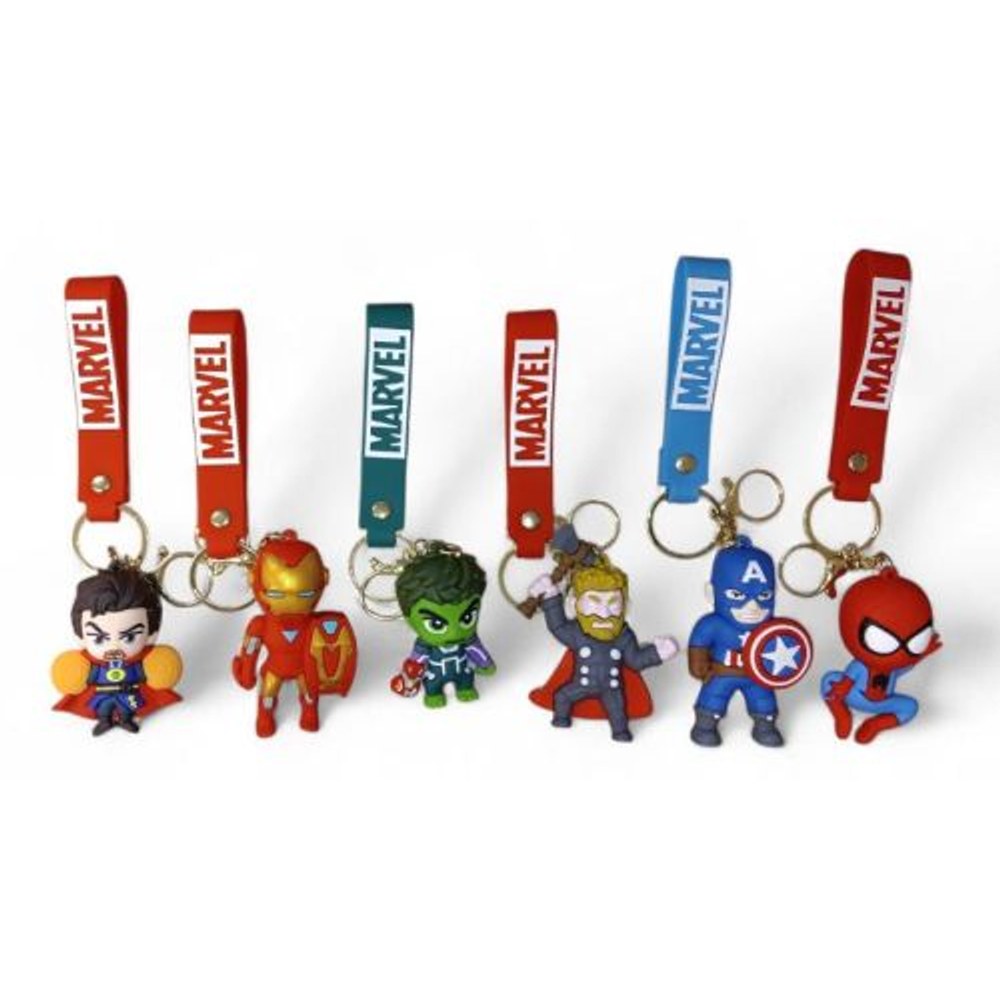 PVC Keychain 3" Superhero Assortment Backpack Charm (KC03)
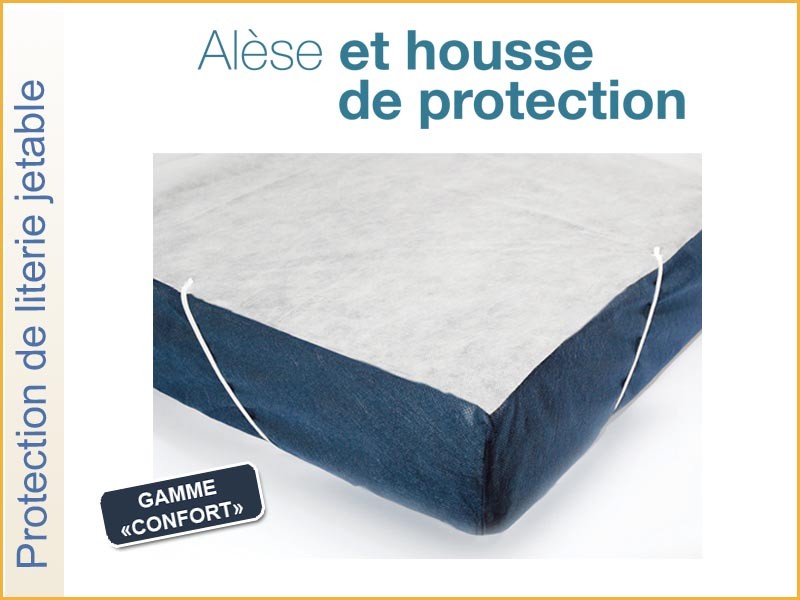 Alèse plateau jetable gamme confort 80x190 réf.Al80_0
┄┄┄┄┄┄
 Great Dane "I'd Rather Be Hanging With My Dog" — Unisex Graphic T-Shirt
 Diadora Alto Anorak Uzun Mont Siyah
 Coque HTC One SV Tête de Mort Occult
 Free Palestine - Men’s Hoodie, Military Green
┄┄┄┄┄┄
**EXERCISE INSTRUCTIONS:** Using the entries above, transcribe exactly from the line that has "Backpack Charm (KC03)" through the line that has "Alèse plateau jetable". Pictures are dropped.

**EXERCISE SOLUTION:**
 PVC Keychain 3" Superhero Assortment Backpack Charm (KC03)
 Alèse plateau jetable gamme confort 80x190 réf.Al80_0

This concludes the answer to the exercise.